The impact of a constitution and potential areas of improvement may be revealed with the application of the conceptual framework. This study is aimed at LAS and the reform of its legal framework from a constitutional perspective. Because the practice of African customary law is principally in rural and peri-urban areas, it is aimed at achieving the significance of the LAS for peri-urban and rural land rights holders. The study is significant for policymakers, professionals, and academics engaged in the reform of the LAS and its legal framework in a developing country SSA context.
Most national constitutions in sub-Saharan African (SSA) countries give minimal attention to the customary legal framework while devoting much attention to the statutory legal framework for land administration (Alden Wily, 2012c). Such constitutional deficiencies may justify several LAS and legal reform interventions.
However, in SSA, many such reforms have failed to provide significance and success (see section 1.2 for definitions of significance and success) for customary land rightsholders (Alden Wily, 2012d): “The crux of the disappointing results of reforms is the treatment of customary rights. It is still rarely the case that customary rights have been considered worthy of equitable legal respect as a form of private property” (ibid.: 14). Hence, giving relevance to the customary legal framework in the constitution may bring about significance and success in reform initiatives.
In SSA countries, the social, economic, and political transformation has resulted in the ‘proliferation’ of new constitutions. This has necessitated the adjustment of the ‘conceptual boundaries’ of LAS and associated legal frameworks (Negretto, 2012; Alden Wily, 2018b). The extent of recognition of customary legal framework has come to the fore in SSA countries. In these countries, about 90% of land access is through customary processes resulting in customary land tenure (Bae, 2021).
Moreover, two-thirds of cultivated land in SSA countries is held under customary tenure (Chimhowu, 2019).
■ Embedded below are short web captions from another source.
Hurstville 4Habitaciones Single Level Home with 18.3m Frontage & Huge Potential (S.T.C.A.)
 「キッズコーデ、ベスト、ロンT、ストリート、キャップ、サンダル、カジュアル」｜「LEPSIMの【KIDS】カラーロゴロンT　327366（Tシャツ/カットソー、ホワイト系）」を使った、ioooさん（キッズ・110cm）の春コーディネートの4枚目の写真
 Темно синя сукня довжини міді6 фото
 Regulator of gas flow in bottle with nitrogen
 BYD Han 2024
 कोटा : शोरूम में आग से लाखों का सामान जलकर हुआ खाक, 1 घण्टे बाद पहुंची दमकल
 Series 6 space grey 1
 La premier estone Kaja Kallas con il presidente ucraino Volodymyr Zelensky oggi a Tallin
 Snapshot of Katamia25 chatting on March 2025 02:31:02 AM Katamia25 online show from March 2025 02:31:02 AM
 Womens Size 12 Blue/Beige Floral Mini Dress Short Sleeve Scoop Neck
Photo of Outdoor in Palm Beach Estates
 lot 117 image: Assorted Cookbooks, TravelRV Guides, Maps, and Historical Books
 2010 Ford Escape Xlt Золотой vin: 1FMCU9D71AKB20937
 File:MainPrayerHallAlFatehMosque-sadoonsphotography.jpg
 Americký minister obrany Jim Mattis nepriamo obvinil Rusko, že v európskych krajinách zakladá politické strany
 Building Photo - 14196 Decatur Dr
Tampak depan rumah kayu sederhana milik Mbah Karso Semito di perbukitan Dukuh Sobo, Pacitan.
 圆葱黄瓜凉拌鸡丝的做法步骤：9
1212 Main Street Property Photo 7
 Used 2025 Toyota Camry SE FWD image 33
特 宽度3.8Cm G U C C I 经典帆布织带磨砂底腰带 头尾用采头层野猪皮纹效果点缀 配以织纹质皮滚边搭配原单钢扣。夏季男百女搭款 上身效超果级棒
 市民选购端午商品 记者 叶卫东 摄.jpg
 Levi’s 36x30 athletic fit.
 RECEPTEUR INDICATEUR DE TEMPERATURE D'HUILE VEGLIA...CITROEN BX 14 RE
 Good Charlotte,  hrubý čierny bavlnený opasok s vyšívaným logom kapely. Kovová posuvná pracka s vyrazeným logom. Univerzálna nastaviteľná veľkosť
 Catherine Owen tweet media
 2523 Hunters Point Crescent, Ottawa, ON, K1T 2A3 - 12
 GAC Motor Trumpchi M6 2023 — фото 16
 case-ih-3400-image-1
Although LAS and legal reform have been on the agendas of the World Bank and FAO for the past decades, their approach has been criticised for lacking thorough assessment of the local context, possibly leading to inadequate reform interventions (Burns et al. 2006; Boone, 2007; Zevenbergen, et al. 2013). Several frameworks have been developed to assess the institutional and technical impacts of LASs on land rights-holders (for example, Chimhamhiwa, 2010; Ali, Tuladhar and Zevenbergen, 2010; Akingbade et al, 2012;2014; Emerson et al, 2012; Yilmaz et al, 2015; Adekola, Krigsholm, & Riekkinen, 2021).
However, these frameworks do not fully consider the role and processes of customary land administration in their assessment, nor do they give credence to the value of African customary law in such societies.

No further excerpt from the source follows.